Wheat has been the poor cousin of commodities this year, losing value as star performers such as copper, lead and sugar have flown, but the humble grain is now beginning to catch the eye of all-important investment funds.

Prices have been weighed down by growing stocks following a record global harvest in 2008 and the second-largest harvest in history this year, but there are signs that the tide may finally be beginning to turn.

The International Grains Council and the United Nations Food and Agriculture Organization expect lower prices to reduce plantings for the 2010 harvest and investors with access to cheap money are eyeing wheat as they look to catch the next wave of the commodities rally.

“There has been a pickup in interest in wheat recently,” said Nicholas Brooks, head of research and investment strategy for ETF Securities.

“Perhaps the negativity (on fundamentals) has been overdone… investors do tend to look for laggards, especially when you are in a period of very strong price increases in commodities generally,” he added.

Brooks said inflows into ETFS wheat, a product which tracks wheat futures trends, have more than doubled since May to a cumulative total of $140 million, exceeding any other agricultural product based on a single commodity (all figures US$).

The reweighting of commodity indices could also boost wheat as index funds buy around the turn of the year to bring its value back up to target levels.

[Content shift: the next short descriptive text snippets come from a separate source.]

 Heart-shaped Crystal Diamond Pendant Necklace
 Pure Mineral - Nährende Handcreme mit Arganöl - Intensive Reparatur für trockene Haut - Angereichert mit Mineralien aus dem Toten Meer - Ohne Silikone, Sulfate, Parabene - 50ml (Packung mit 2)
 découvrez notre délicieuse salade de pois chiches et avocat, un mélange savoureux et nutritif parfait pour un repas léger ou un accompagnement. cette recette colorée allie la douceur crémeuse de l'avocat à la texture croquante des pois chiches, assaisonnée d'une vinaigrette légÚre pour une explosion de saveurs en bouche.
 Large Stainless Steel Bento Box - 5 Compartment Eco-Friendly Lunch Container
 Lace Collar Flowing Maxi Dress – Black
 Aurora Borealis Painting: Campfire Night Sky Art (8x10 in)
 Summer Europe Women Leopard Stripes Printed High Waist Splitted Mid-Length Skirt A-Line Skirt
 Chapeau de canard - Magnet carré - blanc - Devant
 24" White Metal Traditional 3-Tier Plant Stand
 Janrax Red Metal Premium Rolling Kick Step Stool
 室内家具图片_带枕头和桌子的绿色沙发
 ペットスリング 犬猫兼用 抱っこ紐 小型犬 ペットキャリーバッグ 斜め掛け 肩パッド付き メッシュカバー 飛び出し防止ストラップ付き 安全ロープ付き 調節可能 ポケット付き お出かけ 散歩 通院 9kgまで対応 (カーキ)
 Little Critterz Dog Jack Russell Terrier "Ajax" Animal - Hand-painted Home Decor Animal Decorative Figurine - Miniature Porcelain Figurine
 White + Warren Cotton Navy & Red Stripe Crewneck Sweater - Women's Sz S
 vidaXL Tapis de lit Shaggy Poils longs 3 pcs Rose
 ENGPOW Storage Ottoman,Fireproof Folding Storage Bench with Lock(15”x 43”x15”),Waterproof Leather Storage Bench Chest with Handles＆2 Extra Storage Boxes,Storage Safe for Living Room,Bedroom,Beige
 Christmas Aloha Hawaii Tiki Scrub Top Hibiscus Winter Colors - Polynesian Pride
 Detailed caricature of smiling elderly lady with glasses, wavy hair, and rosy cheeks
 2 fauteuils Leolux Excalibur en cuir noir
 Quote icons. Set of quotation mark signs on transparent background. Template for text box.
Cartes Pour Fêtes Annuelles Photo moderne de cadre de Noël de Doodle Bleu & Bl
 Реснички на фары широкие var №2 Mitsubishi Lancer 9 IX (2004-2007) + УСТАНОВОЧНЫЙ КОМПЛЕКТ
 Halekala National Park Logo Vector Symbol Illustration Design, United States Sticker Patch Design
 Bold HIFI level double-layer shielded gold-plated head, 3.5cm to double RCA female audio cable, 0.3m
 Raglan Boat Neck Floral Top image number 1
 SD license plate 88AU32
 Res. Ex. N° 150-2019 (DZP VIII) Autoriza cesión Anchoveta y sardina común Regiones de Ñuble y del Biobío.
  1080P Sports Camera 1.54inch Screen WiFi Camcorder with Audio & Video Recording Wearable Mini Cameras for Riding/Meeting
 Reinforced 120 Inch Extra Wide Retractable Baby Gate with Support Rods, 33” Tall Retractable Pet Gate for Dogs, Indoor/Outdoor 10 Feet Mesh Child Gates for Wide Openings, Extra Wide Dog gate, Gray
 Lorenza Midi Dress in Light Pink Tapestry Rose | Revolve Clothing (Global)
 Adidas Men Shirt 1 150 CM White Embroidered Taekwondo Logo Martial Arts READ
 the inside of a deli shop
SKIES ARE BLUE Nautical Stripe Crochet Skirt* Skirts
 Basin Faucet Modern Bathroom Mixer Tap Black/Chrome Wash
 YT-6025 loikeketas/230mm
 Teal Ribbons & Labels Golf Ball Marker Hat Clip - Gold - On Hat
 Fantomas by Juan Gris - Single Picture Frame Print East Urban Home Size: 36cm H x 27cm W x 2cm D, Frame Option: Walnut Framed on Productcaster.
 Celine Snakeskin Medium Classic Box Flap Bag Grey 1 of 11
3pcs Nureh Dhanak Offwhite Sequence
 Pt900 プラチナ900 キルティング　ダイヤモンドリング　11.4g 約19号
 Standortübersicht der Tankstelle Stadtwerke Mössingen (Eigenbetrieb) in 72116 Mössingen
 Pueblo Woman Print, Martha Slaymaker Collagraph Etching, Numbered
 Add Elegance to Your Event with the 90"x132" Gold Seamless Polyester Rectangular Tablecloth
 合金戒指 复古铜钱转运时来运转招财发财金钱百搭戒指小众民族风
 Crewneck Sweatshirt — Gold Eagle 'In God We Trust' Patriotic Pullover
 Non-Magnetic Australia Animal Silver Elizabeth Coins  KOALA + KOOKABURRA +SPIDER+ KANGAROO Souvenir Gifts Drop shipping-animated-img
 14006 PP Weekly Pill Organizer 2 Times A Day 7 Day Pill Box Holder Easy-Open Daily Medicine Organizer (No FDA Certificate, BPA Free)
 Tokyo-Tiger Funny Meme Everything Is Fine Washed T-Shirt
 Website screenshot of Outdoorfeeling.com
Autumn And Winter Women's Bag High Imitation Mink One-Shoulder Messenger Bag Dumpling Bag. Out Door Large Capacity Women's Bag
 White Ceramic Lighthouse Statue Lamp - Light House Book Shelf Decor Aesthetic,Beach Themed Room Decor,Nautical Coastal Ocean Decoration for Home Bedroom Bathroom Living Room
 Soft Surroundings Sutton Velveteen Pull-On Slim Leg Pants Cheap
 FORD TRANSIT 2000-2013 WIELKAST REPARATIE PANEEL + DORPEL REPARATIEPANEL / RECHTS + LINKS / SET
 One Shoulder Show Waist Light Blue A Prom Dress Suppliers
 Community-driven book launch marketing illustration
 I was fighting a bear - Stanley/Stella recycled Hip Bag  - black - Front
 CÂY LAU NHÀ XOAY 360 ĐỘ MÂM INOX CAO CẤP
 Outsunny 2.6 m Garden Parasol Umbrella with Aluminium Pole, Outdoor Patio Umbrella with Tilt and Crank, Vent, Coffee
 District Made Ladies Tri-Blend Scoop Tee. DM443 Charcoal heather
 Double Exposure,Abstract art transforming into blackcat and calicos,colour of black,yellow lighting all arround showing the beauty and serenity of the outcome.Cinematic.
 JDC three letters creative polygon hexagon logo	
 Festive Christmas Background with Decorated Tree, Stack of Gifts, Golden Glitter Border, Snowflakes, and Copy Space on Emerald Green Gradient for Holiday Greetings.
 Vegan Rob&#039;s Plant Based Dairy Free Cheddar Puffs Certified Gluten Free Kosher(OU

The decline in prices means at the beginning of November its weighting in the Dow Jones-UBS commodity index was just 3.16 per cent compared with a target for the start of 2010 of 4.70 per cent, VM Group said in a report earlier in November.

CBOT wheat prices on the

benchmark front month were trading around $5.57 a bushel on Nov. 17, up by more than 30 per cent from 2-1/2-year lows set two months earlier, although they remain nearly 10 per cent below their end-2008 level.


Fund managers, looking at the relative performance of wheat compared with some other basic resources, have already lengthened exposure.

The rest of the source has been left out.